WASHINGTON – Amtrak Train 188 must have been at full throttle going into a curve just before it derailed on Tuesday night, killing five people, an analyst says.
Speaking with WTOP on Friday, Mark Rosenker, a former chairman of the National Transportation Safety Board and a transportation and aviation safety analyst for CBS News, says that the train’s speed increased from 70 mph to over 100 in its last minute – more than 50 mph over the speed limit for that curve.
Asked whether that means engineer Brandon Bostian had opened the throttle all the way, Rosenker said, “Absolutely. This thing was full throttle. There was no brake applied at all going toward the curve, until he was in the curve. And at that point he applied the emergency brake, which was much too late. It went from 106 to 104 – hardly anything” before it derailed.
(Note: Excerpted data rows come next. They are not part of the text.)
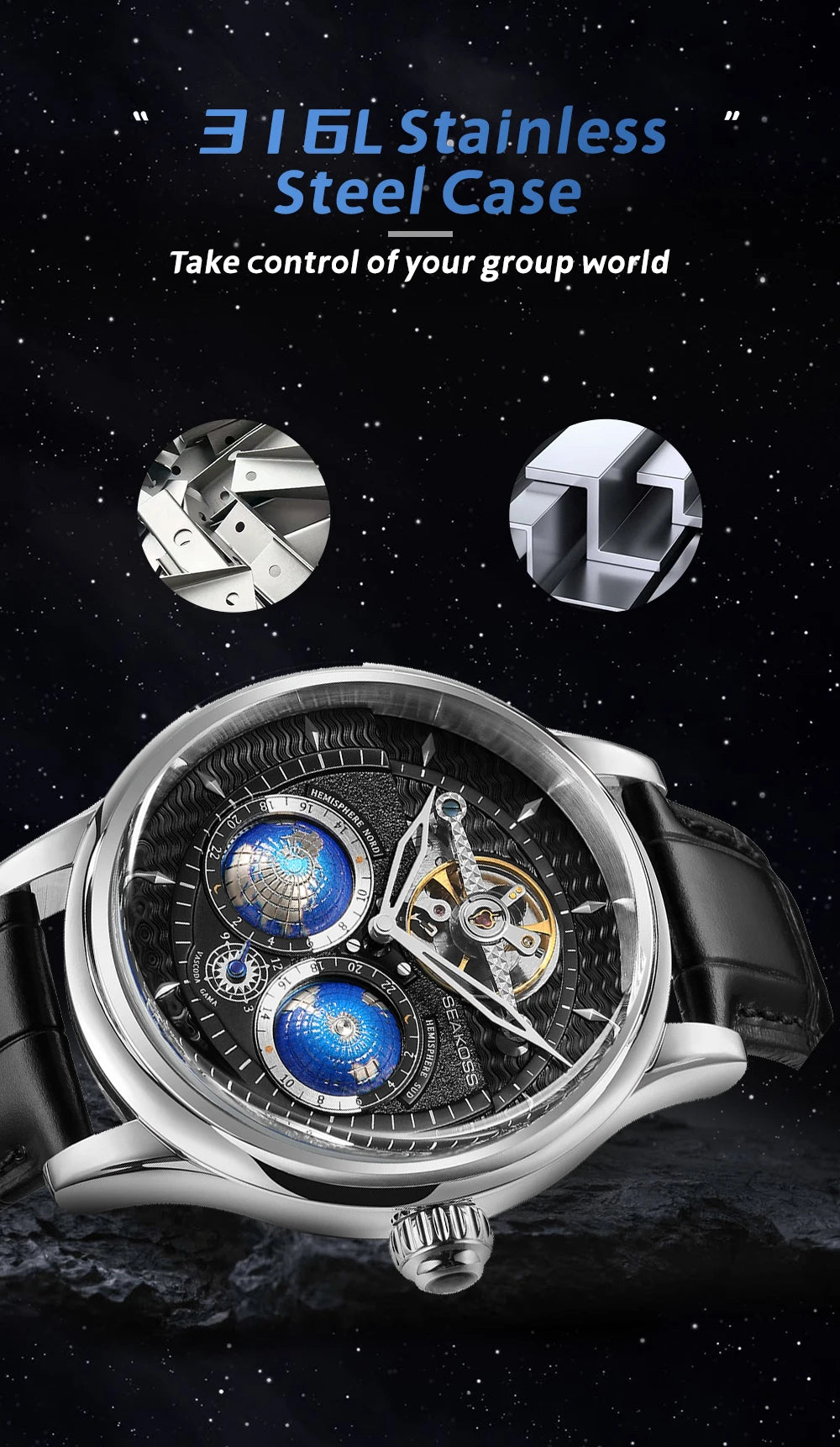 SEAKOSS Male Dual Earth Rotating Mechanical Men's Watch Automatic Movement Waterproof Clock Pilots 1963 Flywheel Wristwatches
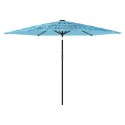 PARASOL OGRODOWY NA STALOWYM SŁUPKU NIEBIESKI 288X288X225CM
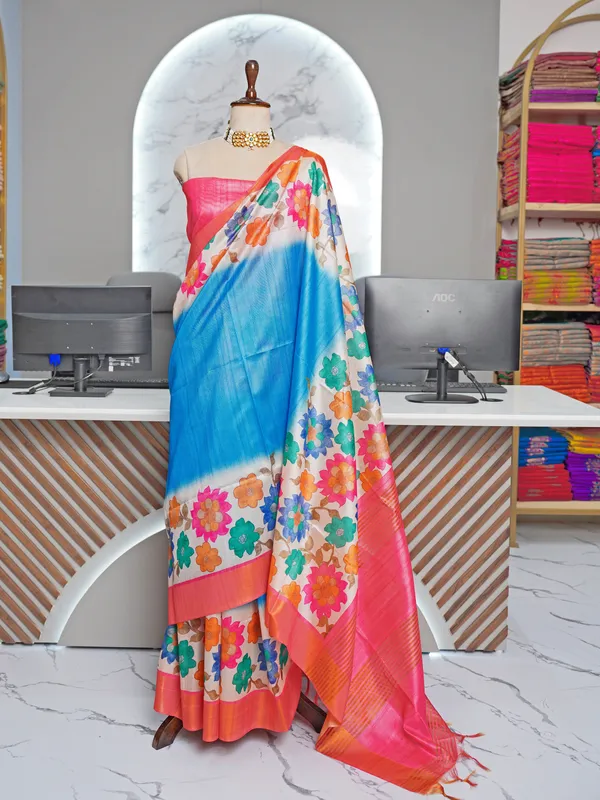 Aashvika_Sky_Blue_–_Navratri_Special_|_Soft_Tussar_Silk_Saree_with_Digital_Print,_Border_&_Contrast_Print_Blouse_with_Tassels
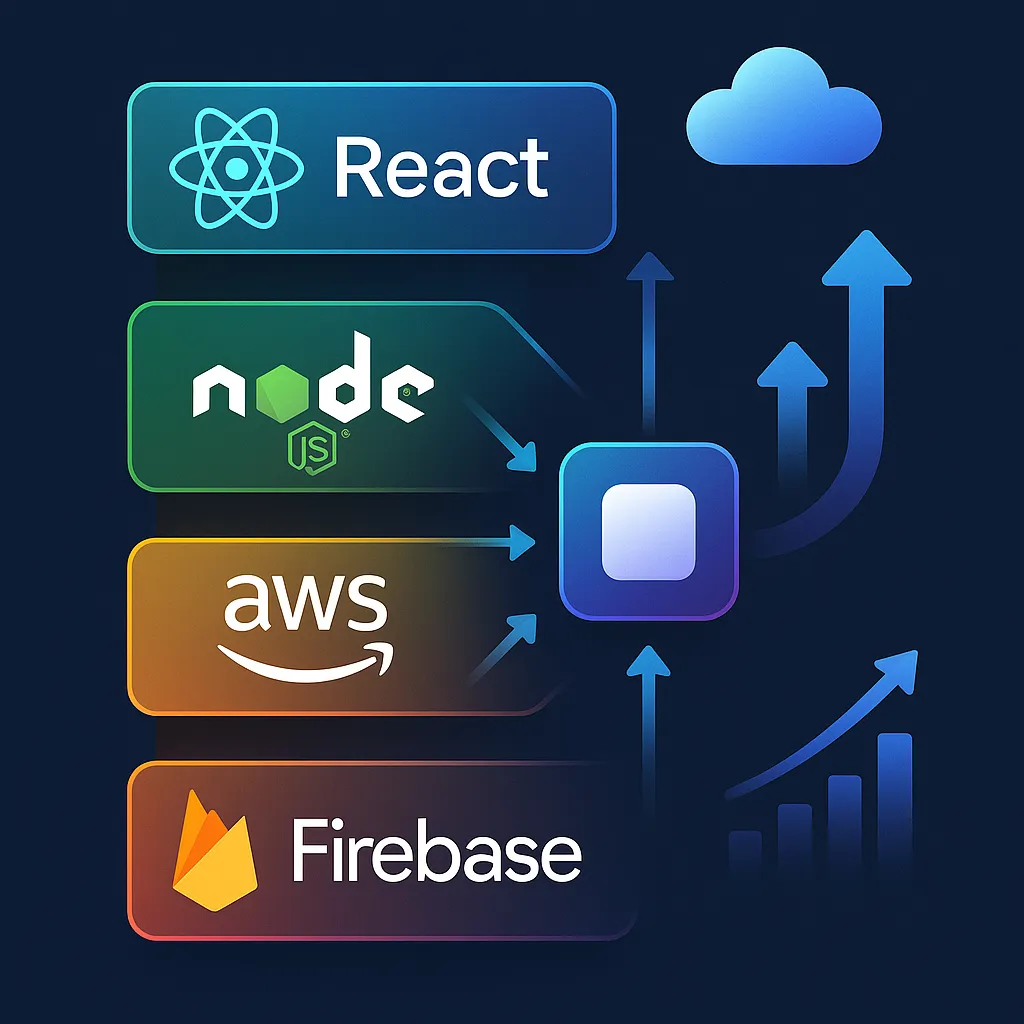 Illustrated tech stack for scalable Netmeds clone app including React, Node.js, AWS with growth and security elements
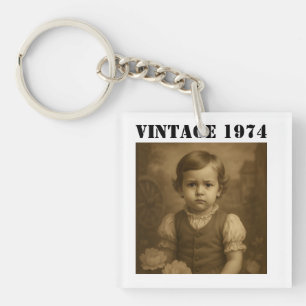 Porte-clefs Enfance personnalisée Photo & Année Vintage Person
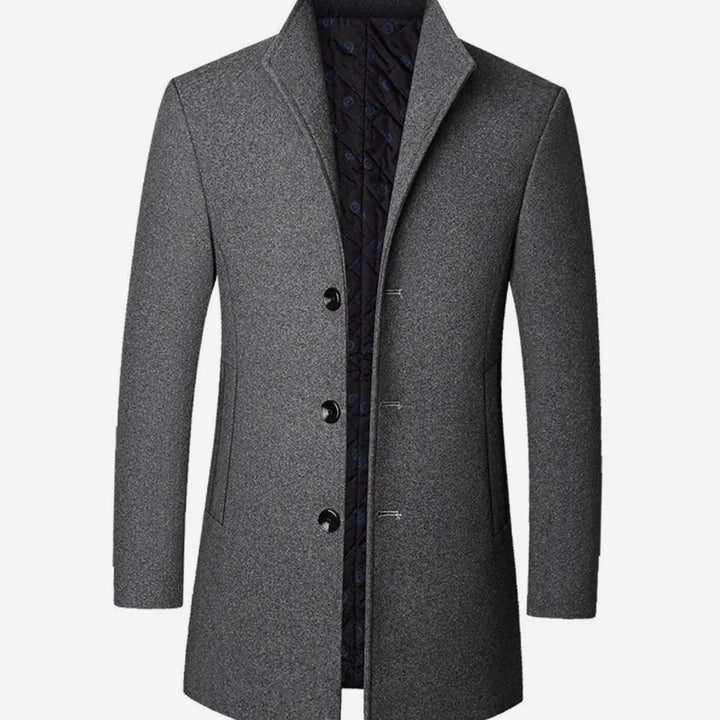 Men's Tailored Single-Breasted Wool-Look Long Overcoat - Grey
Rosenker adds that footage from the front-facing video camera on the dashboard shows the engine leaning over before derailing: “You could see the tilt of the engine – more than 10 degrees.”
Bostian refused to give a statement to the police on Wednesday, but has agreed to speak with the NTSB, Rosenker says: “The question is how much he will remember.” The engineer has so far said he has no memory of what happened before the crash, except for applying the brake.
That’s a good development, Rosenker says. Bostian may be afraid of criminal prosecution, but the NTSB, Rosenker says, “is not a criminal investigation. So it’s in [the engineer’s] best interest to give as much information as possible.”
Indeed, the information Bostian gives the NTSB can be protected: “You get some ability to have some protection from a criminal action,” Rosenker says. That said, “Others may well be interested in interviewing him with other intentions, possibly criminal.”